Posted Apr 28, 2005 09:12 am CDT
An ABA president attending the association’s annual or midyear meeting never has to worry about what to do with free time. There is none.
ABA President Robert J. Grey Jr.’s schedule during the association’s 2005 midyear meeting was typical. There was hardly a meeting or hearing or program of any significance during the weeklong gathering in Salt Lake City at which Grey did not make an appearance and offer at least brief remarks.
And the message Grey sounded most consistently was the need for the legal profession to support and strengthen the jury as a bulwark of the U.S. justice system.
That has been a primary theme for Grey of Richmond, Va., during his term as ABA president, which ends in August at the close of the annual meeting in Chicago. But his message was particularly timely in Salt Lake City, where a key element in his efforts to bolster the jury system was on the agenda of the ABA’s policy-making House of Delegates.
There was never really any doubt about whether the ABA Principles Relating to Juries and Jury Trials, developed by the American Jury Project that Grey appointed last year, would pass the House–which they did in a near-unanimous vote. But just to make sure, Grey delivered his final pitch for the jury principles in his presidential address to the House.
The jury, Grey told the House, “is one of the most important democratic institutions ever conceived and is still the bedrock of the justice system” in the United States. By adopting the principles, he said, “We’re going to send a message to every American who serves on a jury: We are your advocates. We are going to make sure you get respect. We will be there for you.”
In its report to the house, the American Jury Project said the principles “define our fundamental aspirations for the management of the jury system” while they “provide critical updating and guidance on the procedures relating to jury trials.”
In one key area, the principles urge courts to “vigorously promote juror understanding of the facts and the law” by allowing jurors to take notes during trial and submit written questions for witnesses.
Among other issues, the principles emphasize the importance of ensuring that jury pools represent a community’s general population and of using a selection process that “serves the goal of assembling a fair and impartial jury.” The principles also call for steps to protect juror privacy and policies to facilitate participation on juries.

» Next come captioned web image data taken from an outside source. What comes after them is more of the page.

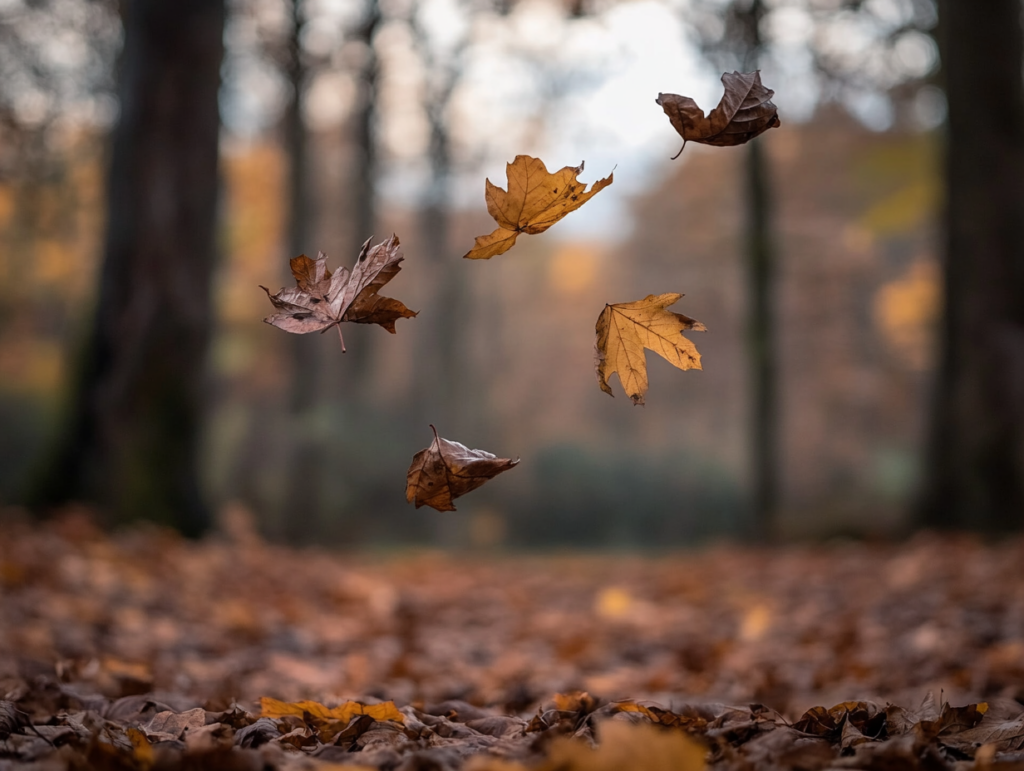 a crisp autumn scene in a forest with colorful leaves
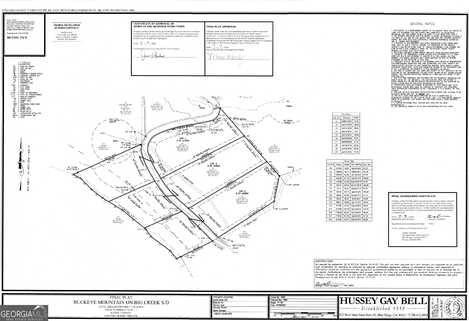 Lot 1 Big Creek, Cherry Log, GA 30522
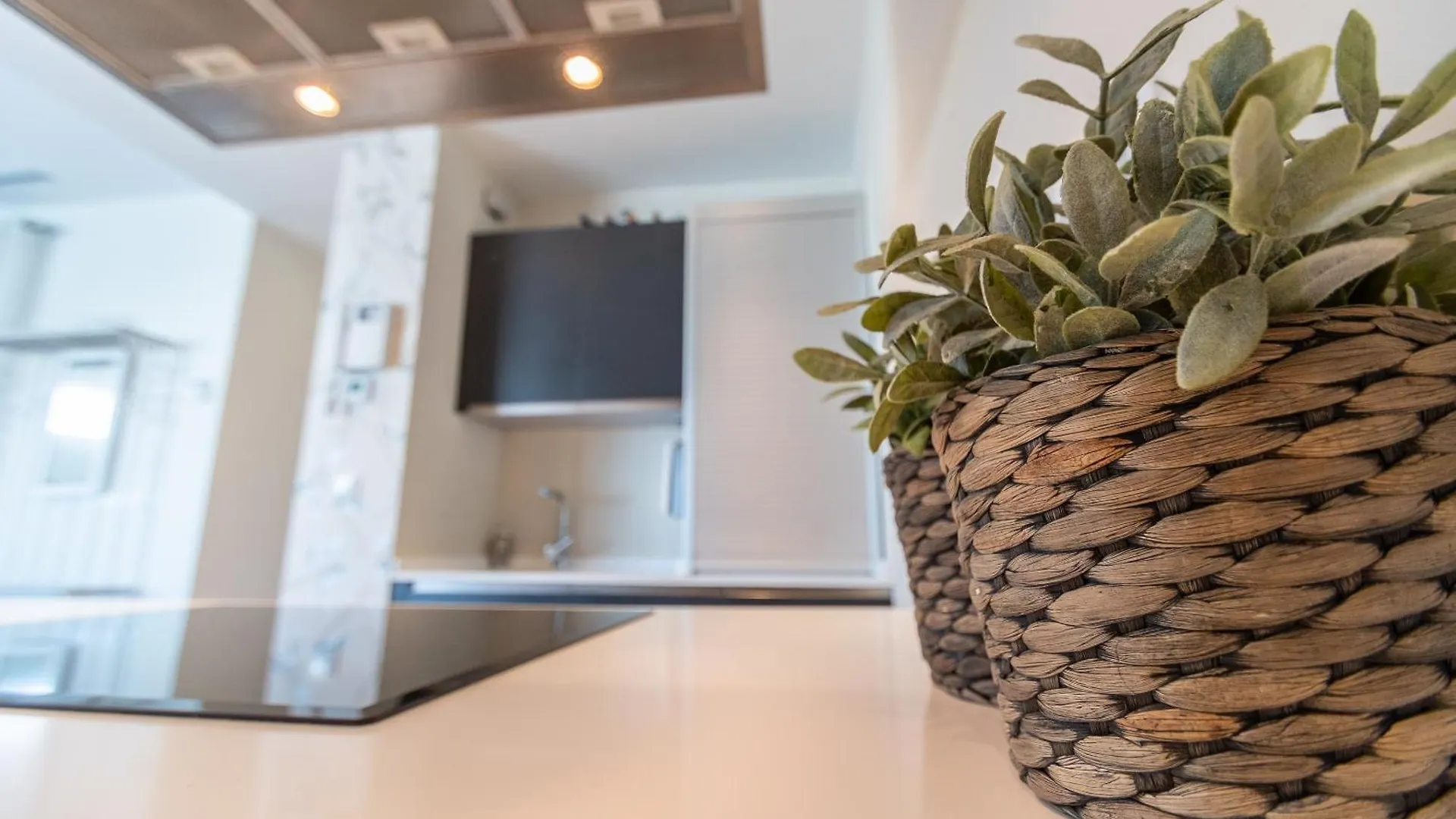 Phoenix Luxury Loft Cadiz Apartment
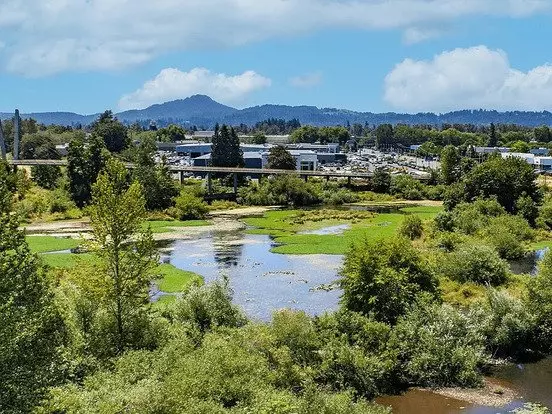 Beautiful 1Bed 1Bath Apartment For Rent Apartment for rent in Eugene, OR Beautiful 1Bed 1Bath Apartment For Rent Apartment for rent in Eugene, OR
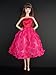 A Hot Pink Knee Length Dress Covered in Roses It so Cute Also Avail in Silver, Red, and Purple Made to Fit the Barbie Doll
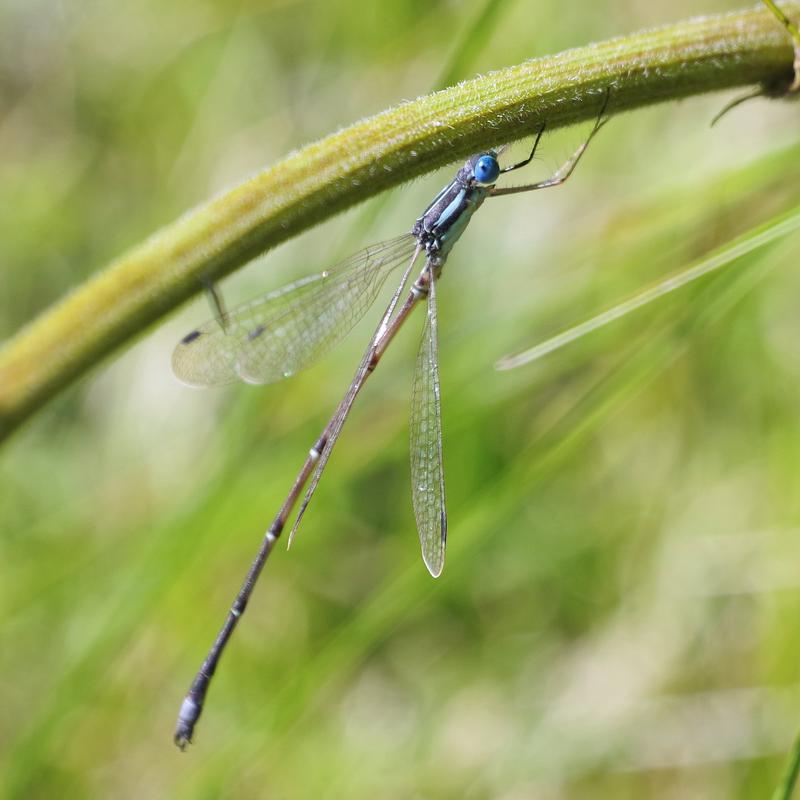 Photo of Slender Spreadwing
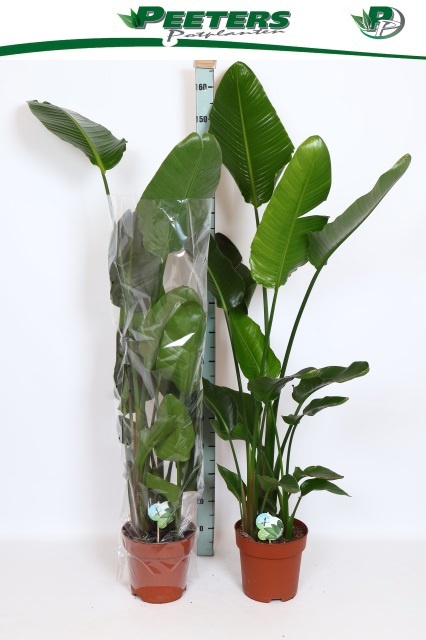 Strelitzia Nicolai 24Ø 155cm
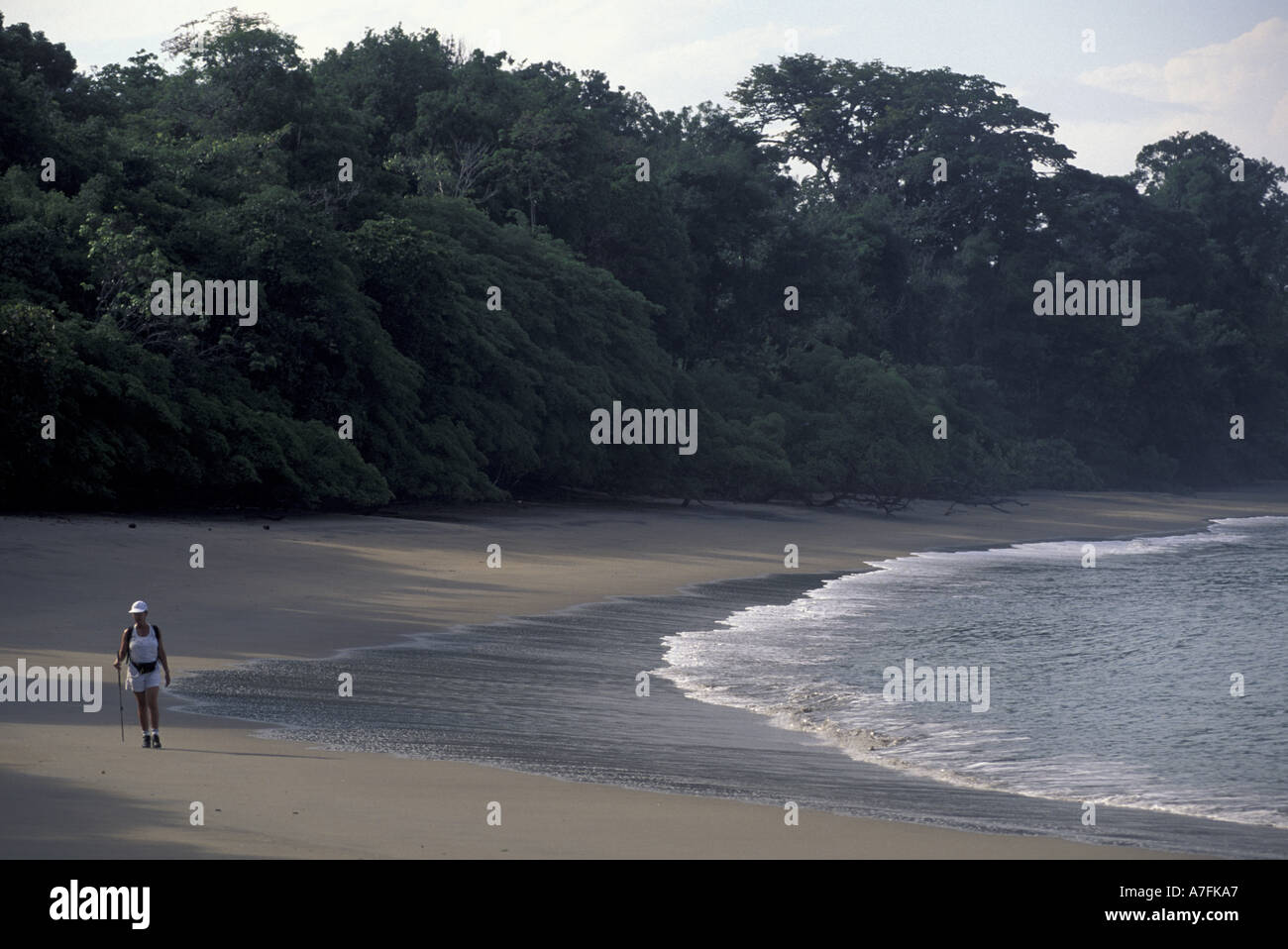 America centrale, Costa Rica, Manuel Antonio National Park. Playa Espadilla Foto Stock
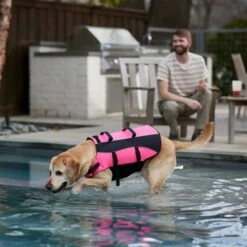 Frisco Ripstop Dog Life Jacket, Pink 19 Frisco Ripstop Dog Life Jacket, Pink -Chewy 312380 PT8. AC SS1800 V1649275938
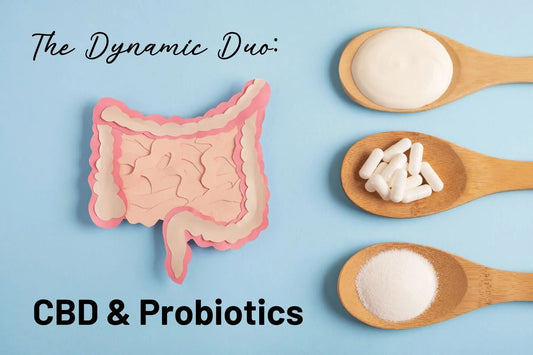 The-Power-of-CBD-and-Probiotics-A-Dynamic-Duo-for-Optimal-Health Mother Earth Natural Health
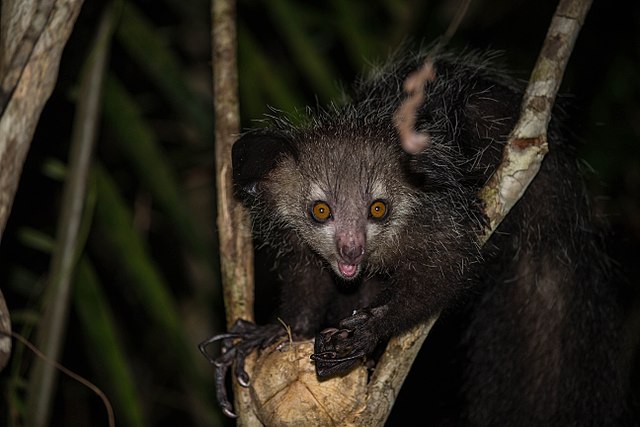 An adult aye-aye is mostly black with long, spindly fingers. By nomis-simon, CC BY 2.0 https://commons.wikimedia.org/w/index.php?curid=42890351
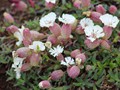 The pillowy arctic meadows were full of the type of plants I have only seen on top of mountains.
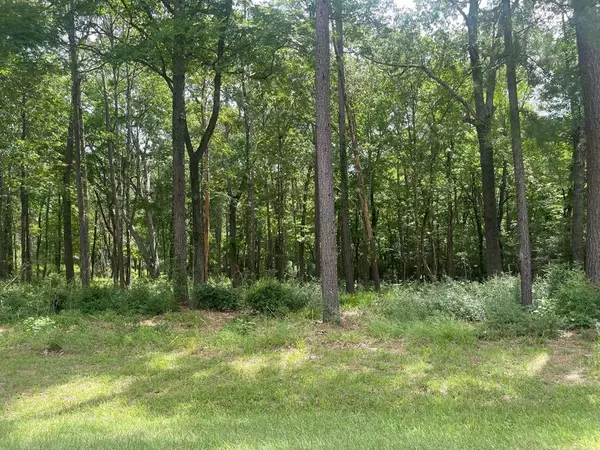 Huntsville, TX 77320,Lot 38 Venice WAY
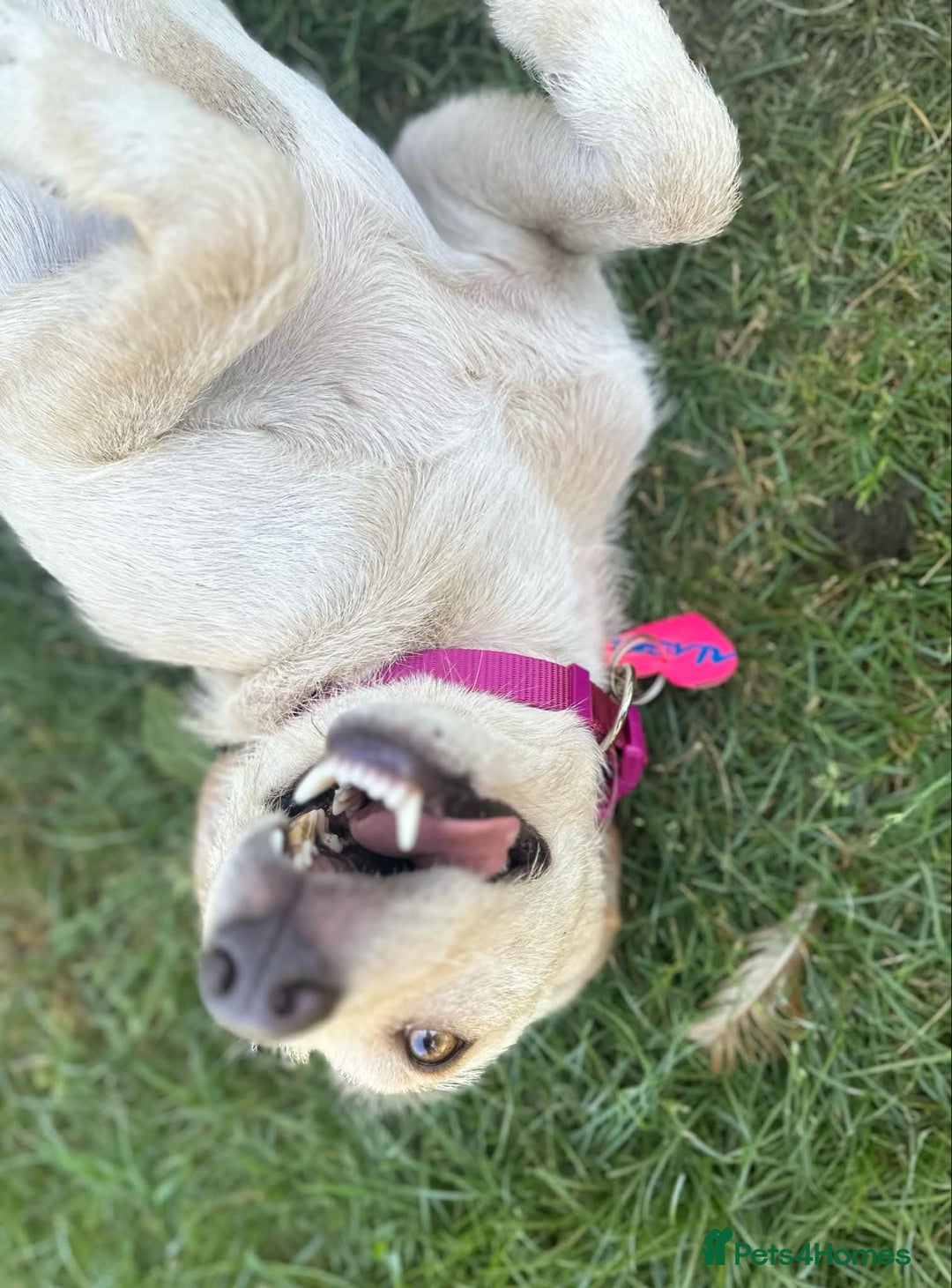 Mixed Breed dogs for sale: ALASKA–LOYAL, LOVING COMPANION YOUR ONE AND ONLY!  - Image 3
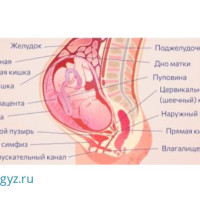 ⚜️ АЙЫМДАР, КОШ БОЙЛУУЛАР, КЫЗ-КЕЛИНДЕР  у-н жогорку сапаттагы гинекологиялык кызмат корсотулот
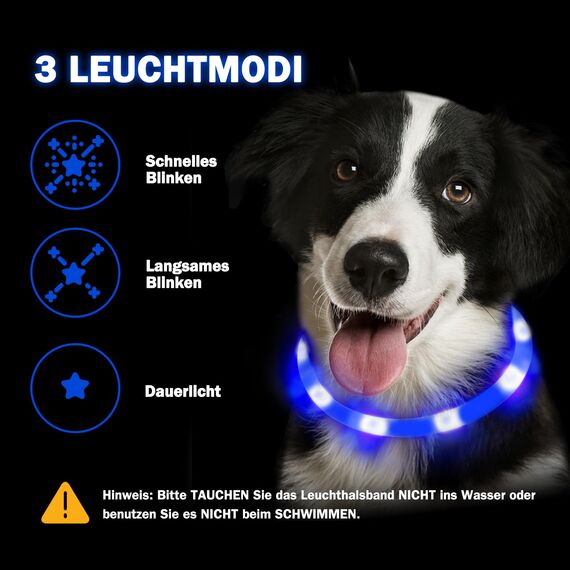 Nepfaivy Leuchthalsband Hund USB Aufladbar - Wasserdichtes Hundehalsband Leuchtend mit Verstellbarer Länge, LED Halsband für Hunde mit 3 Beleuchtungsmodi für Sicherheit, Blau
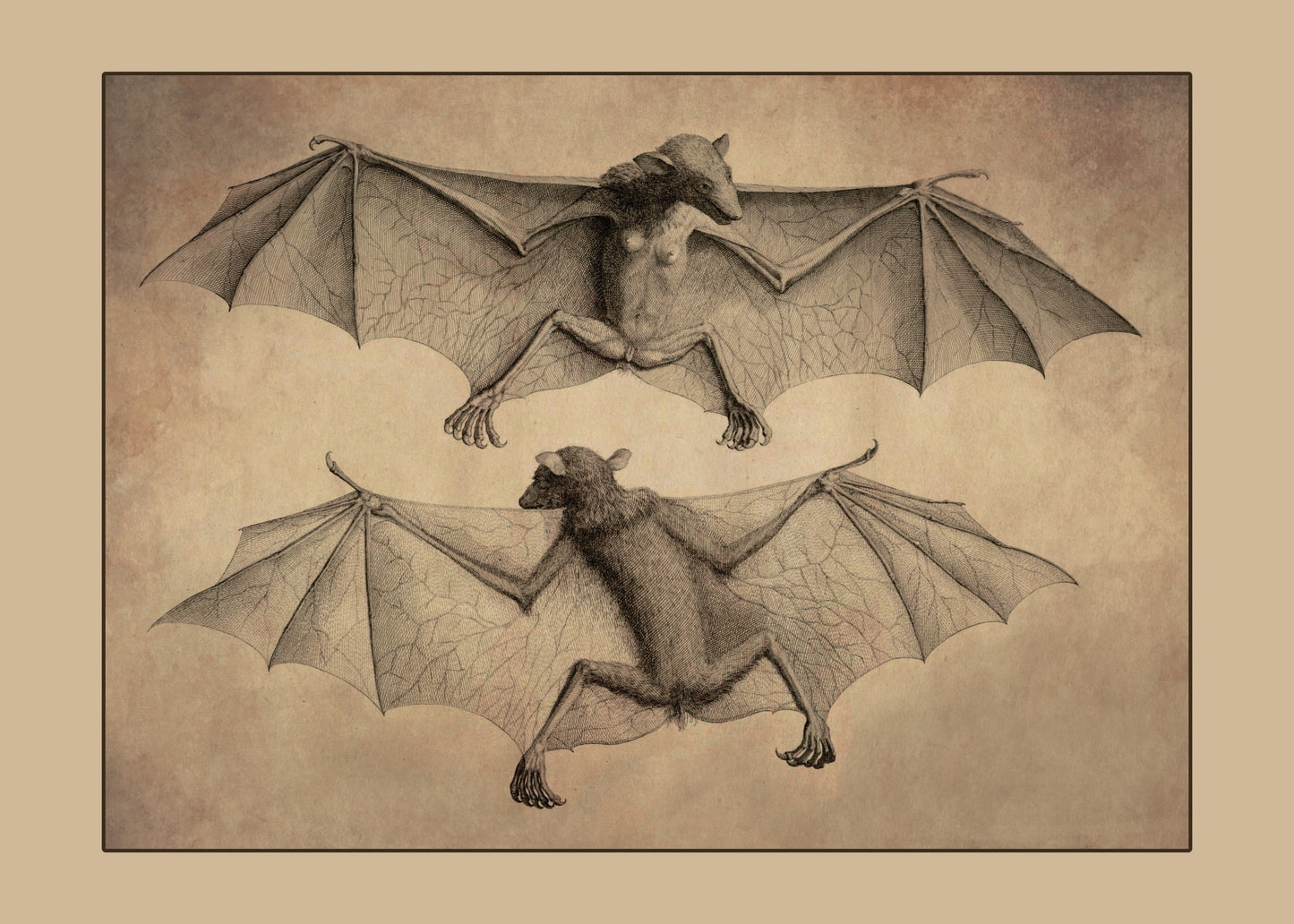 Bats Print – antique art print from Ninska Designs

In addition to campaigning for adoption of the ABA’s jury principles, Grey observed a Dialogue on the American Jury in which Salt Lake City high school students discussed their perceptions about juries with Utah Supreme Court Chief Justice Christine M. Durham and Manuel Sanchez of Chicago, who co-chairs the Commission on the American Jury. Grey appointed the commission last year to conduct public outreach efforts.
On another front, Grey urged bar leaders to participate in advocacy efforts, such as this year’s ABA Day event in Washington, D.C., on April 27-28, to build support for justice programs during the federal government’s current budget process.
“Since we don’t have money, we have to do it with numbers,” Grey told a meeting sponsored by the National Conference of Bar Presidents. “We have to be present and accounted for on Capitol Hill.”